Work to be completed:
When you reach the line that contains "Mango Kids, KID - Pullover - brown" in the data below, start reproducing lines exactly, and stop after the line that contains "Skoda Superb vaihtoauto".

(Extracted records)
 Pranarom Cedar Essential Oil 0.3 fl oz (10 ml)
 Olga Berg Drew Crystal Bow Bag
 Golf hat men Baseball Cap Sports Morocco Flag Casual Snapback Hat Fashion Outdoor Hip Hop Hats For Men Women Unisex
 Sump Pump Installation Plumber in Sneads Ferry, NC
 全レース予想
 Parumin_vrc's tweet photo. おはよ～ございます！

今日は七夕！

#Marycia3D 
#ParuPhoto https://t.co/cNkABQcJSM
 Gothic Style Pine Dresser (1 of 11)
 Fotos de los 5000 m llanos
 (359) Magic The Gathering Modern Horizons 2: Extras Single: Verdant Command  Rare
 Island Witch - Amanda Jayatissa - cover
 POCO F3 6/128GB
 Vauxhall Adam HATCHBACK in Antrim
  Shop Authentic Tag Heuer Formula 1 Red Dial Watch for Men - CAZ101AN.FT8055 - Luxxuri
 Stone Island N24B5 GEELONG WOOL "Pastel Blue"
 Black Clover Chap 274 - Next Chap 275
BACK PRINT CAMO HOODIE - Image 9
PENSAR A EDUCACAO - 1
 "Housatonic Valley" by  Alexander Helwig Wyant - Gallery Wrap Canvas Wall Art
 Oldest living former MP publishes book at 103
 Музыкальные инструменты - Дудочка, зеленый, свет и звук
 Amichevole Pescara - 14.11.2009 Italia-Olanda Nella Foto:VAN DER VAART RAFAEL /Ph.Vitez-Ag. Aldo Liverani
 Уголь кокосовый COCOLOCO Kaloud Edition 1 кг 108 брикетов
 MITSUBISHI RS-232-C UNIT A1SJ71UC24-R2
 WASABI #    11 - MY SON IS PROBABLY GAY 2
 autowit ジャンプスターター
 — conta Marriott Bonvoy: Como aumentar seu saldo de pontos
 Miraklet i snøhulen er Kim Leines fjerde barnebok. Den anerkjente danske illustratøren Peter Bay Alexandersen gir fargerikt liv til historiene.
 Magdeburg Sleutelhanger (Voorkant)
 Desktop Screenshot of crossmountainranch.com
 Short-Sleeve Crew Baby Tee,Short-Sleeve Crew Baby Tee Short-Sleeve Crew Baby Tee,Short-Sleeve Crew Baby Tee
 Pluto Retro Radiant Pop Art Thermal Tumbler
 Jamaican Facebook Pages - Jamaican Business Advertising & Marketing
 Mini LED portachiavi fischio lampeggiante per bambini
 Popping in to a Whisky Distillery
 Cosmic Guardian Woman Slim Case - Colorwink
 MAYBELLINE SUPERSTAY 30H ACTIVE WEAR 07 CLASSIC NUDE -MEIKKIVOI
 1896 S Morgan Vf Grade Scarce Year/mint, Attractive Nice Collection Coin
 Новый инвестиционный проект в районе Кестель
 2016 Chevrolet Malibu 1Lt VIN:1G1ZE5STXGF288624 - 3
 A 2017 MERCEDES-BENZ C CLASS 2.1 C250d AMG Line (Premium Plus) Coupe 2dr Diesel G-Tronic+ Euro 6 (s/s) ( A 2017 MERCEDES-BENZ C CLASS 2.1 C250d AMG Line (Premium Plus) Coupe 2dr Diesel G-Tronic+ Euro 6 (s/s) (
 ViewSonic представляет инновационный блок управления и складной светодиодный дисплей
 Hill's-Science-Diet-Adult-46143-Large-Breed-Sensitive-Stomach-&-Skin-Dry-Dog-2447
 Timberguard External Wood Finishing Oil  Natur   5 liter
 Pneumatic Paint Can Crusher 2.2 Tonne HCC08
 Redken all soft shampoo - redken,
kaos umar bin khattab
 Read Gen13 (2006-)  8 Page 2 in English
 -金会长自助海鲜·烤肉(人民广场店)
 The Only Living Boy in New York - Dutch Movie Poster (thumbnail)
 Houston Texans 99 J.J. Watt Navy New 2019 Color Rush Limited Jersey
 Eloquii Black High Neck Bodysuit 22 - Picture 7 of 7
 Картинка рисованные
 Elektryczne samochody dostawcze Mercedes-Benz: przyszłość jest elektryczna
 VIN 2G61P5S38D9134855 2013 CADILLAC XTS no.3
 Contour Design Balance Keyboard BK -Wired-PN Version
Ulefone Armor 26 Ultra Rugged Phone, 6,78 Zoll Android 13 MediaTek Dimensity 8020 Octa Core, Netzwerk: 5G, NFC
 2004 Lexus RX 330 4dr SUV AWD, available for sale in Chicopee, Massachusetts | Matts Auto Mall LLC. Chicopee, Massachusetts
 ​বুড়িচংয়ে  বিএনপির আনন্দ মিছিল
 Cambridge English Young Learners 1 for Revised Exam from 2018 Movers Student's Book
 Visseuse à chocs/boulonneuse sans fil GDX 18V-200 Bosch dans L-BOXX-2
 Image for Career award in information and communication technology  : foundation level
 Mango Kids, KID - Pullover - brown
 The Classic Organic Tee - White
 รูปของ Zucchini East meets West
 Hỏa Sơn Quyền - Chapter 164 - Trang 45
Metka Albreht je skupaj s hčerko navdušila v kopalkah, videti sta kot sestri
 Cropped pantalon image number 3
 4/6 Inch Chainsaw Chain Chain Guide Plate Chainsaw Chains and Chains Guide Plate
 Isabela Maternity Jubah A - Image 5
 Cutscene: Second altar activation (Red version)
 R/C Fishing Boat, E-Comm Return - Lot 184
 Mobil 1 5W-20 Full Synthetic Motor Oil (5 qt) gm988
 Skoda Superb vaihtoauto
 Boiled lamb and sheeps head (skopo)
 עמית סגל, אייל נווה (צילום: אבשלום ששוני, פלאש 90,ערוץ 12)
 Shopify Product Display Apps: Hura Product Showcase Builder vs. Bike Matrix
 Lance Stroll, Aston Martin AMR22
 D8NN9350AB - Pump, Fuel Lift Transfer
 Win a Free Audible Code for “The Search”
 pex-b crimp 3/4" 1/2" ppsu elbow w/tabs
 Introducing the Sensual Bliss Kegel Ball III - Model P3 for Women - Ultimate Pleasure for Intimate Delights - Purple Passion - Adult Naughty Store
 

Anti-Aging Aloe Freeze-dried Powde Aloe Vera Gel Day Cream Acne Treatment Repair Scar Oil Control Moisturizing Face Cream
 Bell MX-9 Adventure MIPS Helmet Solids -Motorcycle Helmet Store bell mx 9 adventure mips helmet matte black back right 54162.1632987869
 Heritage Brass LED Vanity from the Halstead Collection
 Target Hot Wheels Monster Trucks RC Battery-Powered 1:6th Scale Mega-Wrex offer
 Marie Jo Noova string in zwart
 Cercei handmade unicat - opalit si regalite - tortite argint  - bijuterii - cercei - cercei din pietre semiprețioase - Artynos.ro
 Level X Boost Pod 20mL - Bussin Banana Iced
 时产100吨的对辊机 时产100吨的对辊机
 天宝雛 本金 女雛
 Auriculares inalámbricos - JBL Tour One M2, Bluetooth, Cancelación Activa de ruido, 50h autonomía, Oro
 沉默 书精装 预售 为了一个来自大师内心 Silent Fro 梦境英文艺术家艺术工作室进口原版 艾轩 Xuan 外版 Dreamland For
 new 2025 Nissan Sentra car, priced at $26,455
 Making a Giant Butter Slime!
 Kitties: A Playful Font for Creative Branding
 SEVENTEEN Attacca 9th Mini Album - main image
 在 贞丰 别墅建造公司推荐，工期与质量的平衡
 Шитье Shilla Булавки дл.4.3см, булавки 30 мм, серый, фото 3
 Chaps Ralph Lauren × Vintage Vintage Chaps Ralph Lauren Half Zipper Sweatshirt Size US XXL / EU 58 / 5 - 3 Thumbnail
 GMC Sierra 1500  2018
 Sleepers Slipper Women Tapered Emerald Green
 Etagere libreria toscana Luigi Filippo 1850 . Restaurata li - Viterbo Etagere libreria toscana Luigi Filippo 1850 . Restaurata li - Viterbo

Response:
 Mango Kids, KID - Pullover - brown
 The Classic Organic Tee - White
 รูปของ Zucchini East meets West
 Hỏa Sơn Quyền - Chapter 164 - Trang 45
Metka Albreht je skupaj s hčerko navdušila v kopalkah, videti sta kot sestri
 Cropped pantalon image number 3
 4/6 Inch Chainsaw Chain Chain Guide Plate Chainsaw Chains and Chains Guide Plate
 Isabela Maternity Jubah A - Image 5
 Cutscene: Second altar activation (Red version)
 R/C Fishing Boat, E-Comm Return - Lot 184
 Mobil 1 5W-20 Full Synthetic Motor Oil (5 qt) gm988
 Skoda Superb vaihtoauto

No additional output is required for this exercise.